As Mike touched on last week, there is something inherently problematic about being a parent and kinky or in a non-standard relationship. He expressed his concerns about not knowing exactly where to start on explaining his/our life, and if he should even do so in the first place.
To be honest, I have concerns as well, but in a completely different realm.
Let's look at the facts: Mike's son is being raised by four parents:
-a conservative Christian lesbian mother
-her butch lesbian wife
-a kinky sadist poly demisexual father
-and me, an open-minded pansexual mildly kinky chronic masturbator (or something)
So my first question in regards to my stepson would have to be, "What if he grows up to be kind of normal?"
My second question would be something along the lines of, "who is going to guide him when it comes to being an average boy when he hits puberty?"
By all accounts, it seems likely he will turn into the average cis-gendered straight boy in a few years. He already seems to have a fondness for ladies, and he's just, you know, a boy. My worry is that he won't have a good basis for understanding how to appreciate his body, his sexuality, and not grow up in the dark about how this whole thing works and how to be safe.
Mike said his ex-wife gave their son "the talk" a few years ago, but we don't know exactly what that means.
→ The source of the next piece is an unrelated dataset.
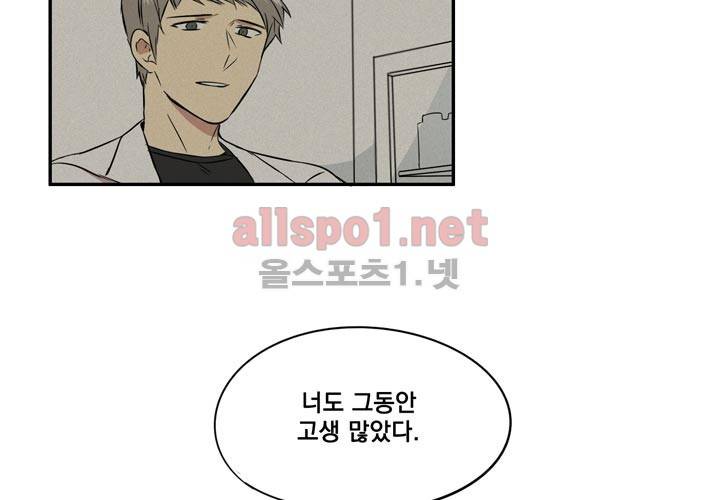 마지막 좀비 1화 17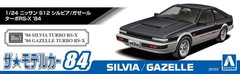 Aoshima 1/24 Scale The Model Car(84)Kit Nissan S12 Silvia/Gazelle Turbo RS-X ’84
Did she give him the technical overview and then tack on the "and God doesn't want you to do this until you're married" bit at the end? When he hits puberty, is she going to teach him that masturbation is wrong and he is a monster if he does it?
He takes after his father in a lot of ways, so maybe sex won't be a thing that even occurs to him to care about. But if he does, it seems I had the closest to a "standard teen-boy libido" of everyone currently parenting the boy. So I guess, of everything, I'm not worried he'll find out about how his father and I are, but that he won't understand that there are healthy and unhealthy ways to show one's inherent sexuality and some people have odd ideas about what that means. I don't want him to grow up ashamed of his desires (assuming they don't end up being destructive to himself or others, which, statistically, is probably unlikely) and I don't want him to be unjustifiably conflicted over having desires in the first place, regardless of how "normal" they are or aren't.
The last thing this world needs is more people who don't know how to treat themselves and others. I still believe that most of us are trying our best on any given day (sometimes, as my mom likes to point out, our best kind of sucks), but there's sometimes only so much we can do with the information we are given in the first place.